El 3 de junio, Sánchez tomaba posesión y se convertía en el séptimo presidente de la democracia. No había tiempo que perder. En pocos días, Sánchez nombró su gobierno, aprovechando que PP y Ciudadanos estaban noqueados. Tomó la iniciativa y sorprendió con sus nombramientos. La alegría duró poco. Màxim Huerta, ministro de Cultura, tuvo que dimitir por un escándalo con Hacienda. El listón del presidente Sánchez con la corrupción lo dejó contra las cuerdas. La oposición vio la brecha y arremetió contra los ministros del nuevo gobierno. La ministra de Justicia, Dolores Delgado, Innovación, Pedro Duque, y Educación, Isabel Celaá fueron blanco de duras críticas, con reprobación para la ministra de Justicia por sus conversaciones con el excomisario Villarejo. También contra el propio presidente y su mujer. «Siempre ha sido atacado, pero los ataques personales iban más allá de la política. Fue el momento más duro, el más vil», apuntan fuentes cercanas al presidente.

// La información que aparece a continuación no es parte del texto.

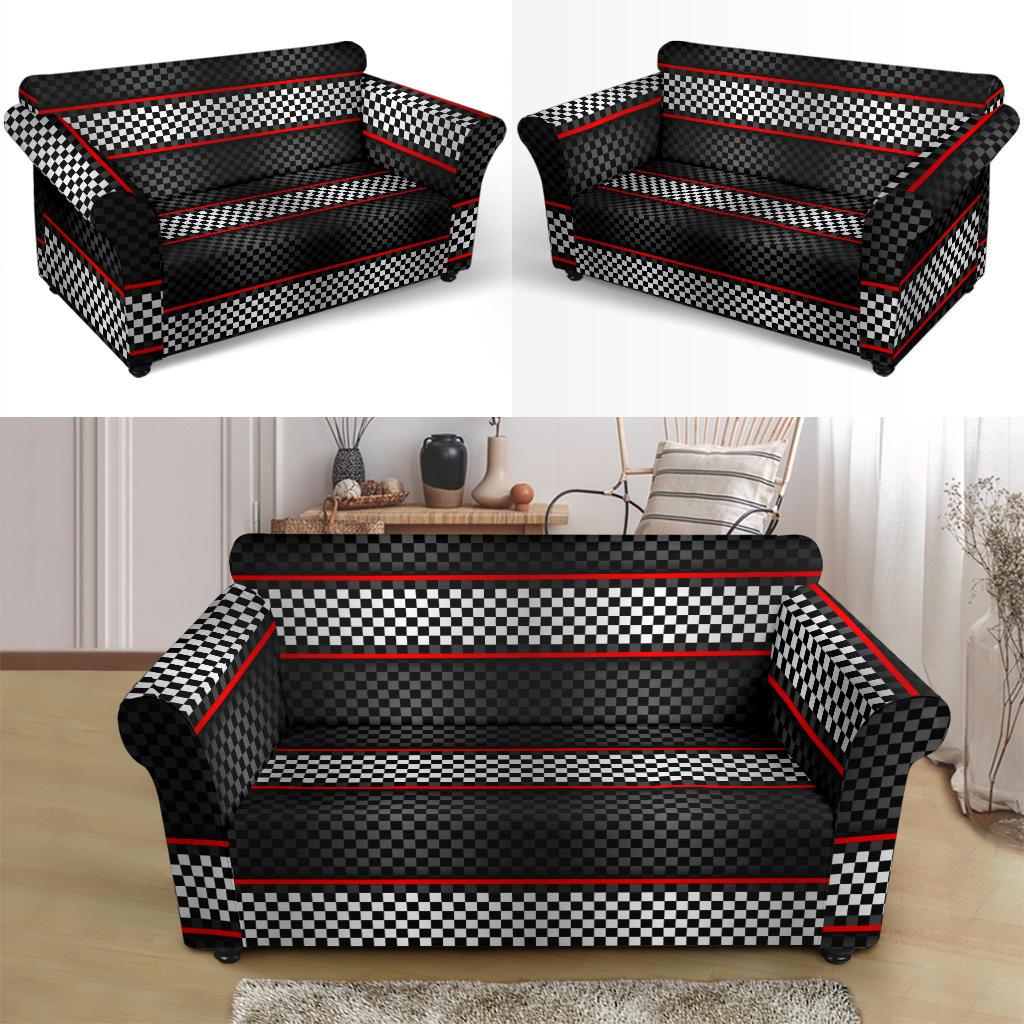 Checkered Flag Red Line Style Loveseat Slipcover-JTAMIGO.COM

Sánchez se sobrepuso e intentó gobernar. Fue imposible. Sus 84 diputados no daban para sacar adelante sus proyectos y la oposición, con Casado y Rivera no se lo ponían fácil. Tampoco los independentistas, que empezaron a poner condiciones. Puigdemont ordenó acoso y derribo, mientras ERC, para no perder ripio, se sumó a la presión. Los órdagos de los independentistas fueron recogidos por la oposición para no dejar respirar al ejecutivo. Sánchez estaba cogido entre dos fuegos y decidió coger el toro por los cuernos. Meritxell Batet, ministra de Administración Territorial, y Miquel Iceta, líder de los socialistas catalanes pusieron en marcha la operación diálogo recuperando la Comisión Bilateral que había dormido el sueño de los justos durante el mandato de Rajoy. Los resultados, mediocres. A pesar de eso, PP y Cs se lanzaron a la yugular de Sánchez acusándole de vender España. En la otra orilla, los independentistas exigían la liberación de los presos, en un claro insulto a Montesquieu y su separación de poderes.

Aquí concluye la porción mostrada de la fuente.